Die letzten Dinge
Die 5. und 6. Posaune
Die fünfte und sechste Posaune
Die drei letzten Posaunen sind in besonderer Weise sogenannte Wehe-Posaunen. Die von ihnen hervorgerufenen Gerichte treffen nicht äußere Lebensumstände, sondern gelten den abtrünnigen Menschen persönlich. Auch sind es Gerichte, die einen dämonischen Charakter haben und von unten her, vom Reich Satans, entfesselt werden. Wie langmütig und geduldig der Herr auch ist, es ist sein Wille, dass alle Menschen gerettet werden sollen (Hiob 33,29. 30; Röm 9,14–18; 2. Pet 3,9), so wird Gott doch, weil die Menschen ihr Herz verschließen und seine Gnade abweisen, seine Geschöpfe schließlich sich selbst überlassen. Das aber bedingt, dass sie nun endgültig in die Hände des Erzfeindes, Satan, fallen und so eine Beute der bösen Geister der Finsternis werden, die sie, nachdem sie sie verführt haben, quälen und zur Verdammnis führen.
„Und der fünfte Engel posaunte: Und ich sah einen Stern, der vom Himmel auf die Erde gefallen war; und ihm wurde der Schlüssel zum Schlund des Abgrunds gegeben“ (9,1).

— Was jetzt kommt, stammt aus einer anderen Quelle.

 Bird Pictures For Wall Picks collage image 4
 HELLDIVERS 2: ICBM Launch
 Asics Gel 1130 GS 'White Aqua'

Wer ist dieser vom Himmel auf die Erde gefallene Stern, der sich auf der Erde gewissermaßen „häuslich eingerichtet“ hat? Ohne Frage der, der schon im Alten Testament ein „Glanzstern“, ein leuchtender, gesalbter Cherub (daher Luzifer, der Leuchtende), ein Engelfürst genannt wird (Jes 14,12; Hes 28,13–15). Es ist Satan selbst, der Gott dieser Welt, der Fürst der Finsternis (Jes 14,12–13), der das höchste geschaffene Wesen war, ja, der sich über Gott erheben und Ihm gleich sein wollte und darum auf die Erde herabgestürzt wurde und diese öde und leer machte (1. Mo 1,2). Gott aber blieb Herr auch über die zerstörte Erde. Satan kann nicht mehr tun, als was Gott ihm in seiner Vorsehung zulässt und was er letzten Endes zur Erfüllung seiner Ratschlüsse beitragen muss. Gerade dies zeigt uns das erste Wehe in besonderer Weise. Diesem „Stern“ wird nun der Schlüssel zum Abgrund gegeben. Wohlgemerkt, er hat ihn nicht im Besitz, sondern er muss ihn aus der Hand dessen, der den Schlüssel des Todes und des Hades hat, entgegennehmen.
„Und er öffnete den Schlund des Abgrunds; und Rauch stieg aus dem Schlund auf wie der Rauch eines großen Ofens, und die Sonne und die Luft wurden von dem Rauch des Schlundes verfinstert“ (9,2).
Die Öffnung des Abgrundes bewirkt, dass die Höllenheere über die gottfremden Menschen herfallen, sie zu quälen, aber keineswegs zu töten. Ihre Zeit ist auf fünf Monate befristet (V. 5). Der aus dem Abgrund steigende Höllenrauch erfüllt, verdunkelt und verpestet die Luft; sogar die Sonne ist dadurch verfinstert, das will sagen, dass alles göttliche Licht von der Erde verschwunden ist; der Geist der Lüge und Verführung hat die Oberhand gewonnen und zu den materiellen Schlägen gesellen sich die Seelen- und Geistesqualen.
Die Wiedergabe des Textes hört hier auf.